The Commodity Futures Trading Commission says it has
obtained a federal court consent Order against defendants
Alex Ekdeshman of New Jersey, and Paramount Management,
requiring them to pay $1,146,000 in restitution to defrauded
customers and a $1,337,000 civil monetary penalty.

The Consent Order of Permanent Injunction also imposes
permanent trading and registration bans against the defendants
and prohibits them from violating the anti-fraud provisions of the
Commodity Exchange Act, as charged.

The Order stems from a CFTC Complaint filed against the
defendants on June 26, 2013. The CFTC’s Complaint charged
Ekdeshman, individually and as the agent of Paramount, with
solicitation fraud and misappropriating “the vast majority” of
customer funds for business expenses. Specifically, the Complaint
charged the defendants with operating a fraudulent scheme that
solicited more than $1.3 million from approximately 110 retail
customers to engage in leveraged or margined foreign currency
transactions with unregistered off-shore counterparties. 

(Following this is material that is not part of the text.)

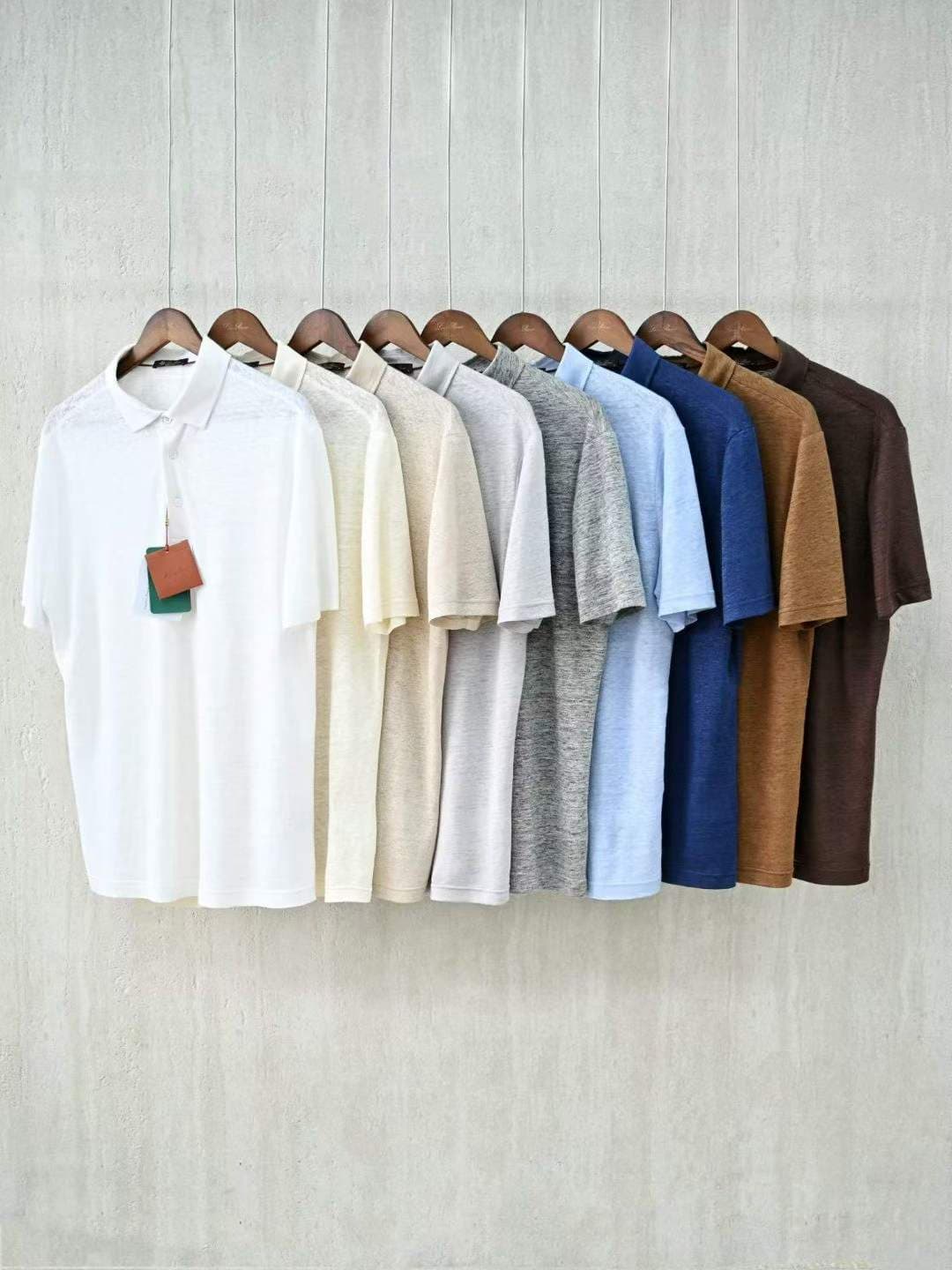 로로피아나 경량 린넨 폴로 셔츠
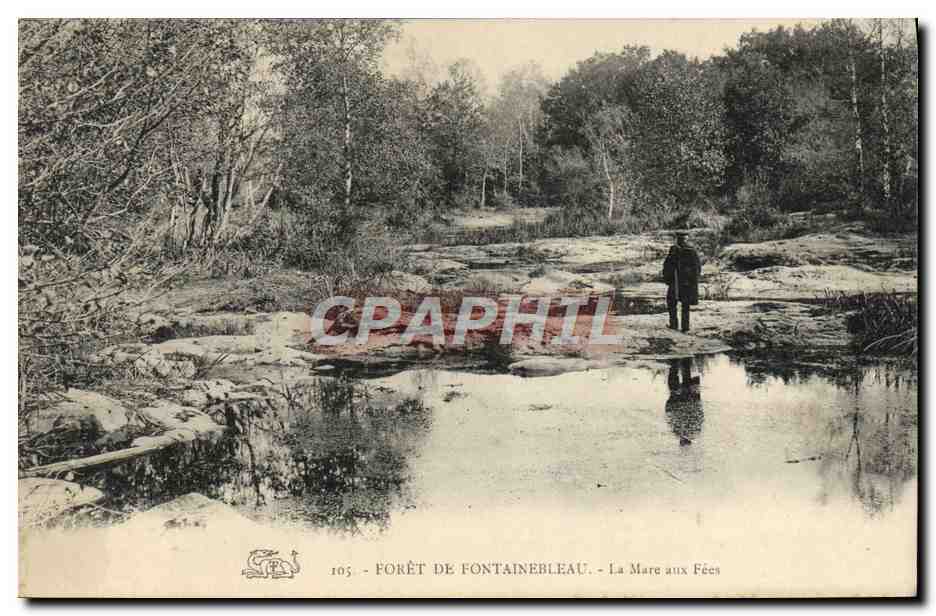 Forêt de Fontainebleau — La Mare aux Fées — CPAPHIL n°105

The defendants allegedly advised customers that FX trading
accounts would be opened in the customer’s name and would be
traded by the defendants on behalf of the customer.

The defendants, through a telemarketing sales force and a
“Performance Record” linked to their website, also touted
Paramount’s successful trading record as having yielded an average
monthly return of 4.6% over a 20-month period, based on the
performance of Paramount’s proprietary trading software system,
according to the complaint. However, the court’s Order finds that,
contrary to the claims made during the solicitations, the defendants
did not manage or trade any customer account, and thus
Paramount’s customers neither made any actual FX trades nor
received delivery.

The Order also finds that the defendants misappropriated all
customer funds for Ekdeshman’s personal benefit and failed to
disclose to actual or prospective customers that they were
misappropriating customer funds. To conceal their fraud, the Order
finds that, during all phases of the scheme, the defendants issued
false account statements to their customers, as no individual customer
accounts were ever created and no profits were ever generated.